Il 4 di maggio 1789, abolì le servitù personali, anche temporanee assicurando così la completa libertà degli individui.
Proibì ai baroni di partire senza il placet del viceré, la sanzione per chiunque trasgredisse, fu la perdita del feudo. Per impedire, inoltre, esazioni di tasse arbitrarie nel conferimento degli uffici giudiziari nei feudi, impose di attenersi ad una tariffa ufficiale. Tutte queste misure erano atte a reprimere il privilegio, gli abusi e la corruzione; misure che disciplinavano municipi, incoraggiavano il commercio, impedivano arbitri e favoritismi.
Il Caramanico, inoltre, meditava una riforma radicale della Giunta di Sicilia, ancora di salvezza del baronaggio a Napoli. Procedette ad una riforma dei codici e ad un un riordino delle prammatiche del regno. Tirando le somme, riguardo il primo viceregno del Caramanico, è fuori dubbio che egli abbia continuato a coltivare il campo seminato dal Caracciolo, continuando la lotta al privilegio, all’abuso, al feudo in se stesso come concezione ormai non più al passo con i tempi, ragion per cui, naturale conseguenza della sua opera, fu la fiducia che i sovrani gli accordarono per altri tre anni come viceré di Sicilia.

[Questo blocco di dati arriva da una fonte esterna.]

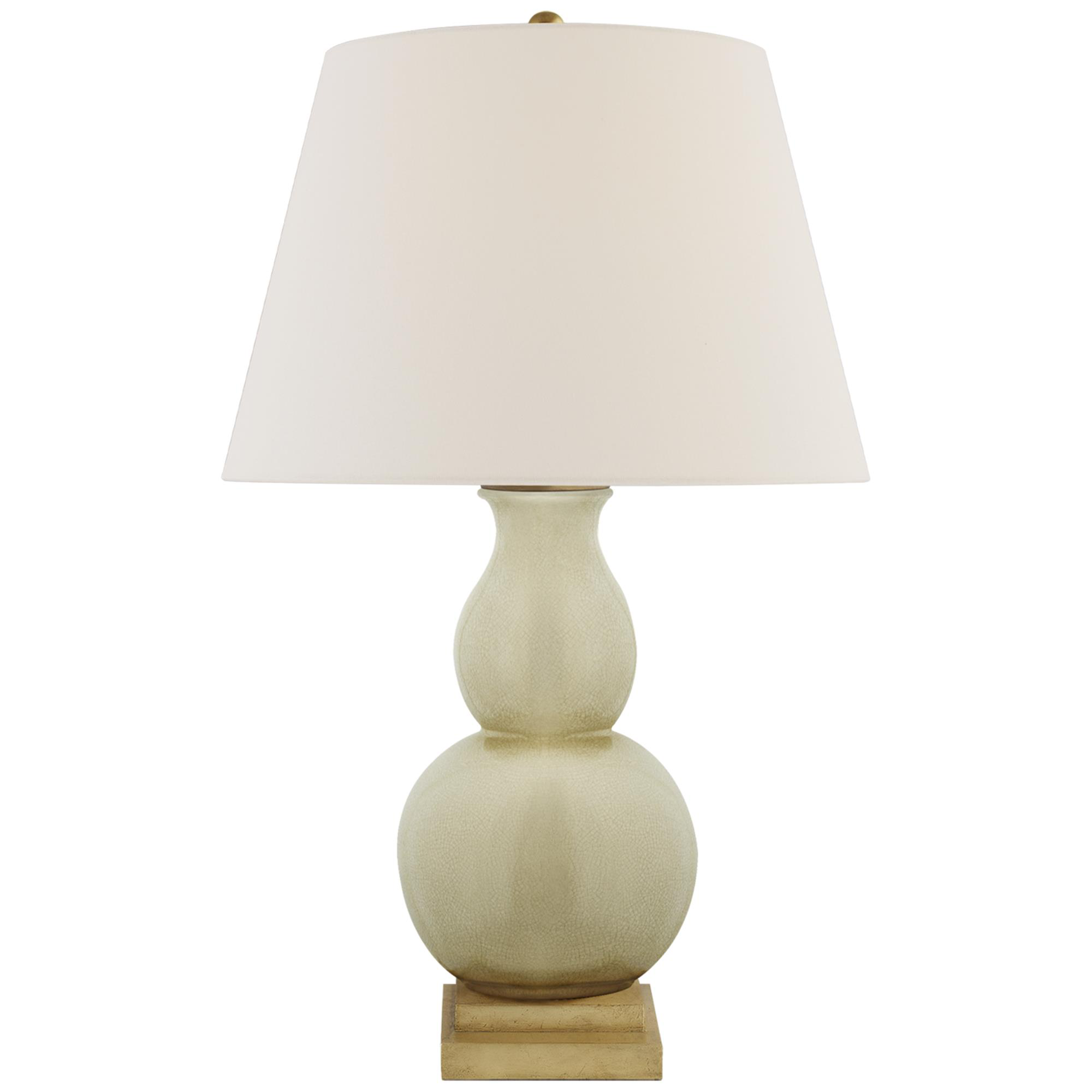 Chapman & Myers Gourd Form Medium Table Lamp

Un aspetto, secondo noi, fondamentale da sottolineare è, che il secondo viceregno del Caramanico iniziò all’alba di un evento che sconvolse tutti i regnanti d’Europa, un evento peculiare nel suo genere, ma neppure troppo, che a posteriori sembra quasi fosse la naturale conseguenza del fenomeno illuminista, dei suoi ideali, che aprirono la porta che condusse alla rivoluzione francese, e proprio i francesi , che al suon di liberté, egalité, fraternité, si scagliarono, con ferocia inaudita, contro l’assolutismo e i suoi rappresentanti, ossia i nobili e la casa reale. Possiamo affermare, che tale evento, di cui si fa menzione, con parole di sdegno e orrore, tra i documenti dell’Archivio di Stato di Palermo, scosse il re Ferdinando, ma soprattutto la regina Maria Carolina, la quale in quell’infausto evento perse la sorella Maria Antonietta, regina consorte di Francia; i reali napoletani, in questo clima di terrore, temerono, seriamente, che un contagio rivoluzionario si potesse estendere fin nel loro regno.

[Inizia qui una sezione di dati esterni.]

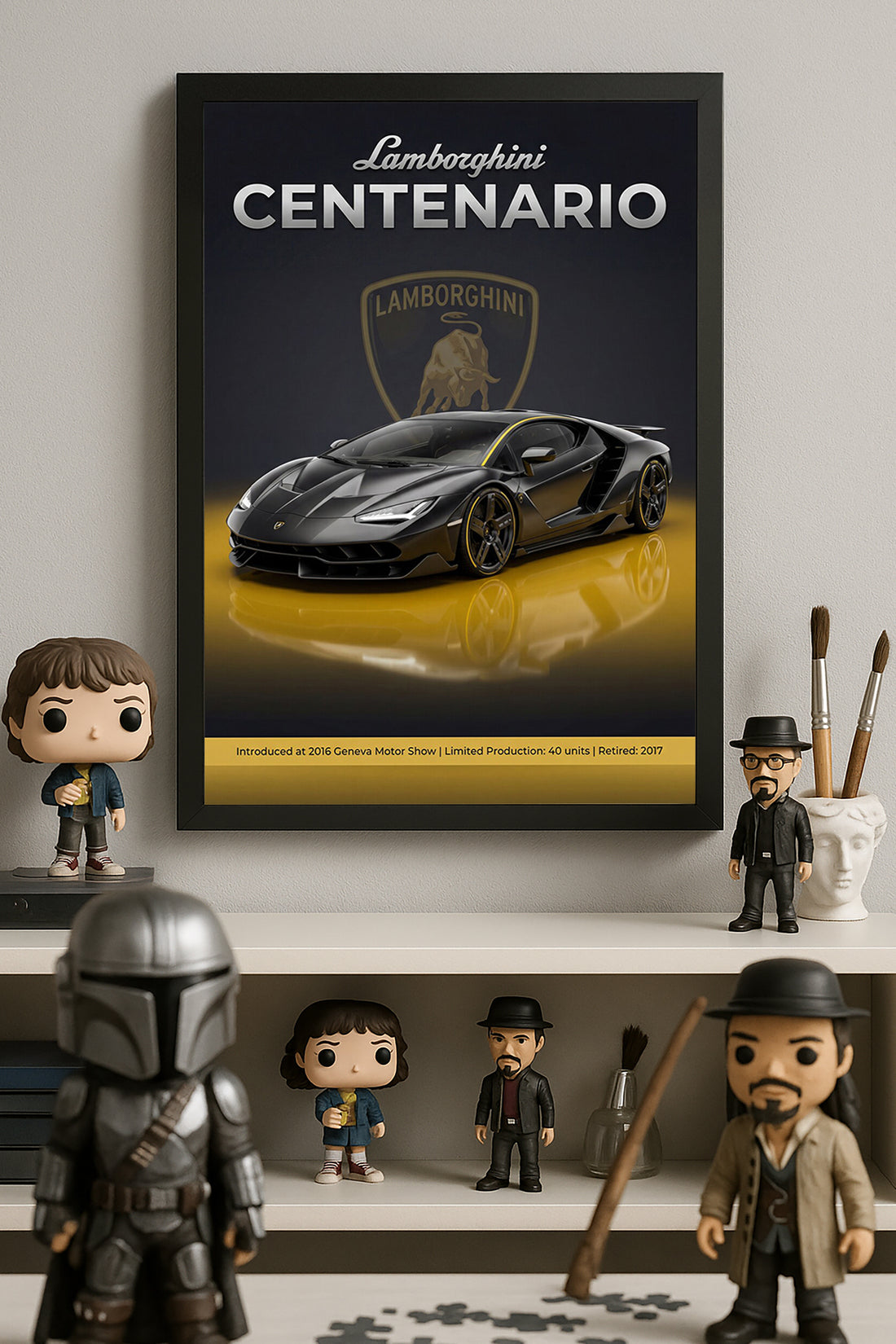 Lamborghini Centenario - tablo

Il nostro punto di vista, supportato dai documenti dell’Archivio di Stato di Palermo, riguardo queste affermazioni, che imputano l’indebolimento dell’azione riformatrice, o ad una perdita di vigore del Caramanico o della corte di Napoli, ai nostri occhi appare una teoria troppo semplicistica e riduttiva che non considera ciò che accade al di fuori dei confini dei regni di Napoli e Sicilia, ma anche la perdita di un alleato forte e risoluto qual era il Caracciolo. La nostra teoria, conforme con quella di altri storiografi, prende le mosse dalla concezione che la rivoluzione, fu un evento che ebbe un’onda d’urto tanto estesa, per cui i sovrani, terrorizzati, si videro costretti ad allentare un pò la presa.
Lo sdegno della casa reale di Napoli, per il bagno di sangue di Parigi, lo si evince dai molti bandi antifrancesi, che furono pubblicati negli anni seguenti la rivoluzione. Analizzeremo tutto ciò in maniera più dettagliata nei prossimi paragrafi.

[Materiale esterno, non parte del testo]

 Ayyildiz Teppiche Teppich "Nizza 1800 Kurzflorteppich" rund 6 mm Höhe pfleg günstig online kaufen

Il secondo viceregno del Caramanico (4 luglio 1789-1792)

Il 4 di luglio del 1789, fu una data particolare, il viceré Caramanico, prendeva possesso, del secondo triennio del suo viceregno, mentre a Napoli moriva, a causa di un colpo apoplettico il marchese Caracciolo, suo illustre predecessore. Dieci giorni dopo, il 14 di luglio, il popolo di Parigi prendeva la Bastiglia dando avvio alla rivoluzione francese. Esaminiamo, adesso, come si evolse la politica del principe di Caramanico alla luce di eventi di tal portata.
Il 30 di luglio emanò un bando con cui dava istruzioni sulle gabelle e sull’estrazione dell’olio. Con ordine viceregio stabilì di esigere il diritto di cassa e di extra regno, su qualunque genere di “tonnina” sia fritta che salata. Ciò che vogliamo far comprendere, è che tali bandi, i quali apparentemente disciplinano aree meno importanti del commercio e della vita del regno, sono, altresì, importantissimi poiché mostrano come il viceré tentasse, in ogni modo, di regolamentare ogni area, sia essa istituzionale, economica e culturale, anche se però non erano queste le riforme che avrebbero distrutto i residui del feudalesimo. Continuò a lastricare strade, racimolando i fondi necessari riconfermando la tassa sulle carrozze per altri quattro anni, in modo da finanziare una così importante e fondamentale opera, indispensabile per lo sviluppo dei collegamenti nell’isola e di conseguenza dell’economia.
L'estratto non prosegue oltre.